Ahli waris lahan menuntut agar Pemerintah Kota (Pemkot) Makassar segera membayarkan ganti rugi lahan sebesar Rp14 miliar sesuai dengan putusan MA tersebut.
Kuasa Hukum ahli waris, Munir Mangkana mengatakan pihaknya akan membuka segel tersebut apabila Pemerintah Kota Makassar selaku tergugat menyelesaikan ganti rugi yang dimaksudkan. Namun sebelum permintaan itu dipenuhi, pihaknya sementara melakukan penyegelan.
"Hasil pertemuan tadi sementara kita masih menunggu beberapa ahli waris lagi membuat kesepakatan baru, nantinya kesepakatan ahli waris ini akan kita sampaikan ke Pemerintah Kota Makassar seperti apa kesepakatannya.
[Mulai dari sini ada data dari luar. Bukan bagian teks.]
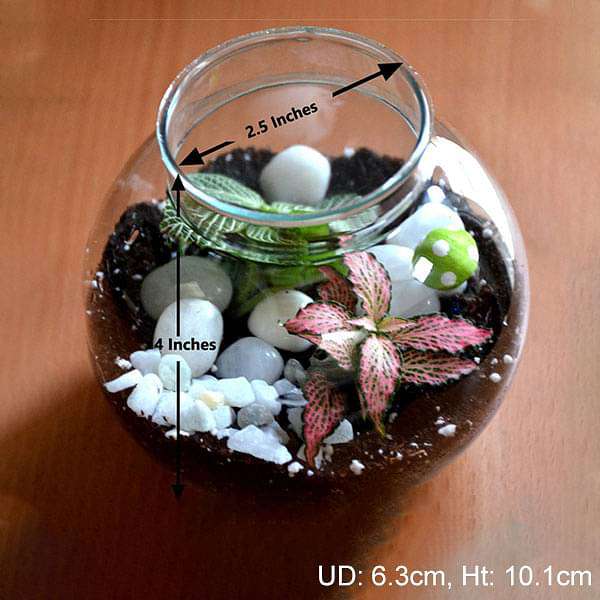 Round flask colorful terrarium (4in Ht) - Image 2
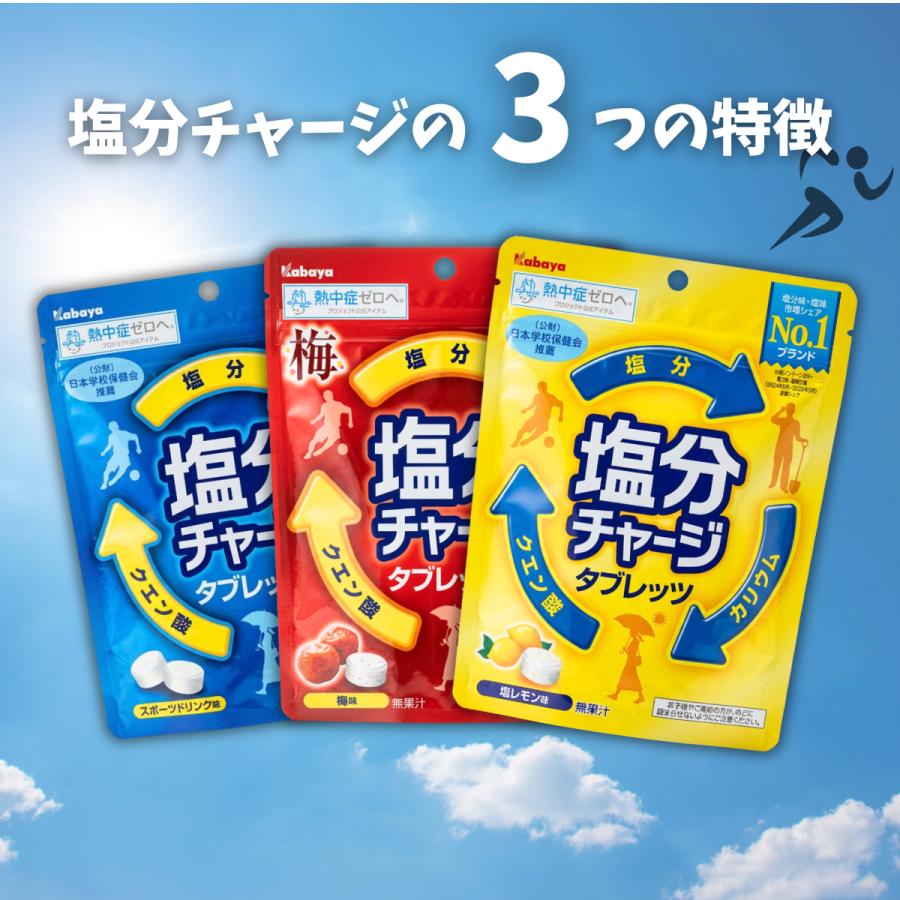 Kabaya カバヤ 塩分チャージタブレッツ 計100粒以上 スポーツドリンク
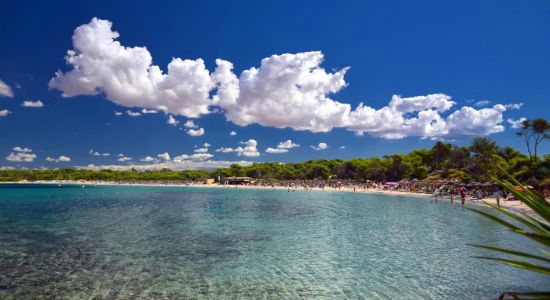 Playa Moli de s'Estany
Karena pada proses hukum ini sudah akhir di pengadilan MA," kata Munir kepada wartawan, Rabu (17/7/2024).
Munir menyebut, sekolah tersebut dalam waktu tiga hari ke depan akan terus disegel disertai pemasangan spanduk. Pemerintah Kota Makassar juga diminta bergeming menyelesaikan persoalan ini, terlebih sudah ada putusan MA yang menyebutkan jika lahan itu milik penggugat.
"Kami sudah banyak memberikan (kompensasi) kepada Pemkot menempati tempat itu, tapi ingat dong sudah ada putusan MA yang mengikat bahwa kepemilikan tempat itu ada pada ahli waris. Kami tetap pasang itu (spanduk) sambil menunggu hasil diskusi para ahli waris, kalau memang tidak ada niat baik dari Pemkot kami akan tutup," ucapnya.
Adapun kata Munir, nilai yang harus dibayarkan pihak Pemerintah Kota Makassar sesuai Nilai Jual Objek Pajak (NJOP) mencapai kurang lebih Rp14 miliyar, sebagaimana dalam putusan MA bahwa pihak tergugat harus segera membayar uang ganti rugi, bukan mengosongkan tanah yang di tempati sekolah tersebut.
"Putusan MA itu menyebutkan agar (Pemkot Makassar) segera membayar ke ahli waris, bukan mengosongkan, kurang lebih Rp1,5 juta per meter. Total kurang lebih Rp14 miliar," ungkapnya.
Meskipun telah dimenangkan ahli waris di tingkat MA, namun Pemerintah Kota Makassar diketahui kembali melakukan Peninjauan Kembali (PK) atas kasus tersebut. Munir menduga Pemerintah Kota Makassar memiliki alat bukti yang baru hingga kembali mengajukan proses hukum selanjutnya.